(Extracted records)
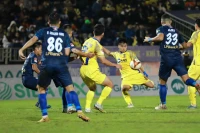 V-League: SLNA giành chiến thắng đầu tay, HAGL khủng hoảng nặng 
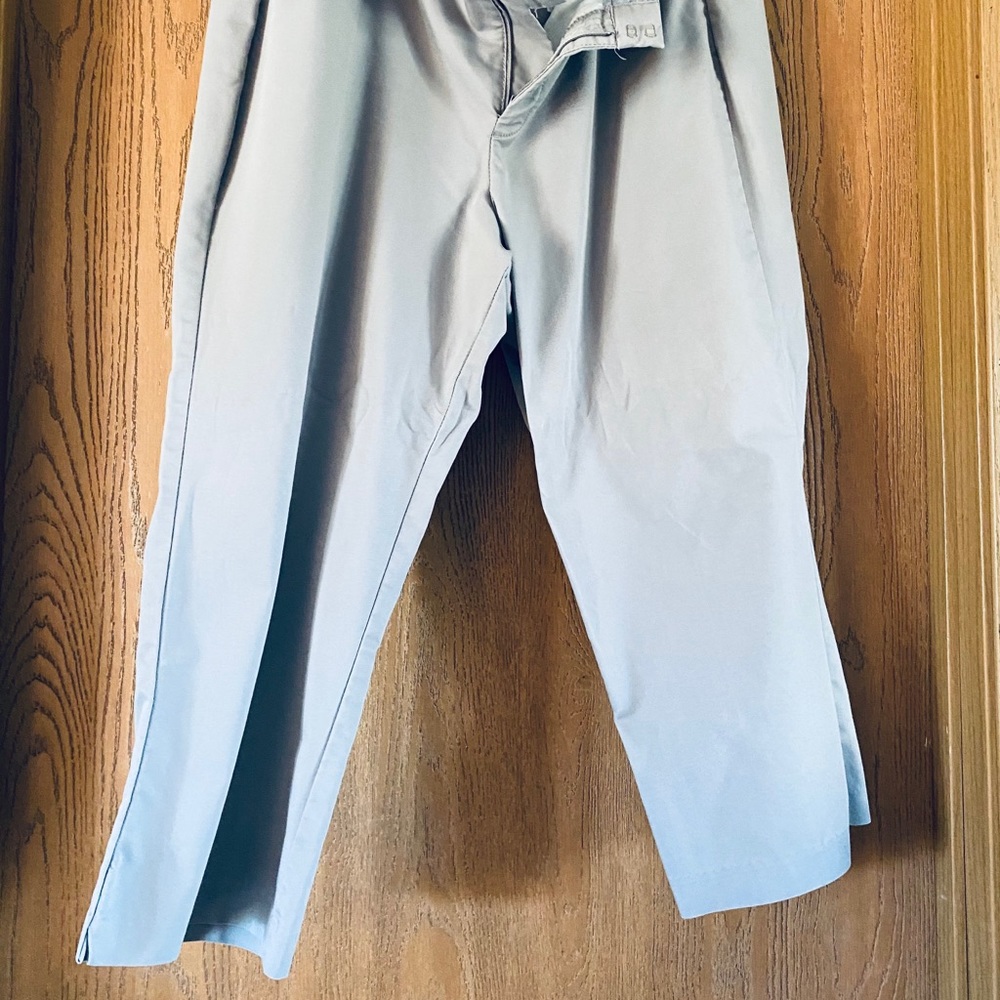 Capri pants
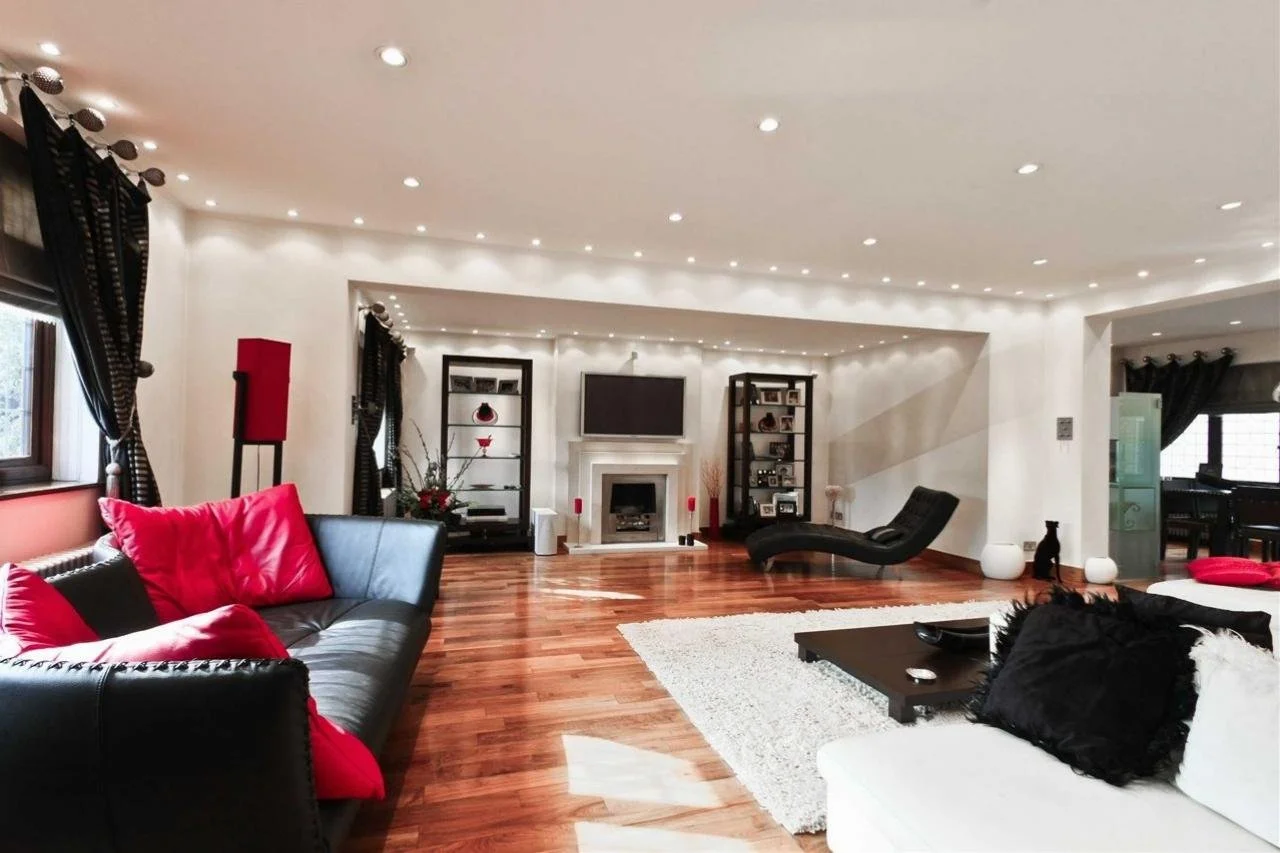 Lounge.jpg
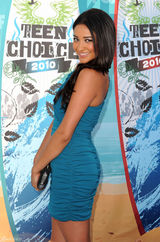 高清组图：莎伊-米切尔蓝色礼服秀巧克力肤色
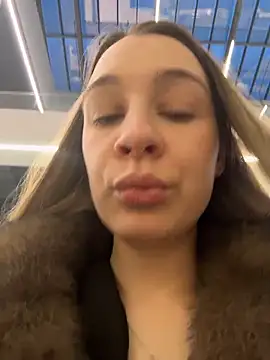 SashaCatt from StripChat is Freechat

Brief: Reproduce the entries above exactly, without images.

Finished exercise:
 V-League: SLNA giành chiến thắng đầu tay, HAGL khủng hoảng nặng 
 Capri pants
 Lounge.jpg
 高清组图：莎伊-米切尔蓝色礼服秀巧克力肤色
 SashaCatt from StripChat is Freechat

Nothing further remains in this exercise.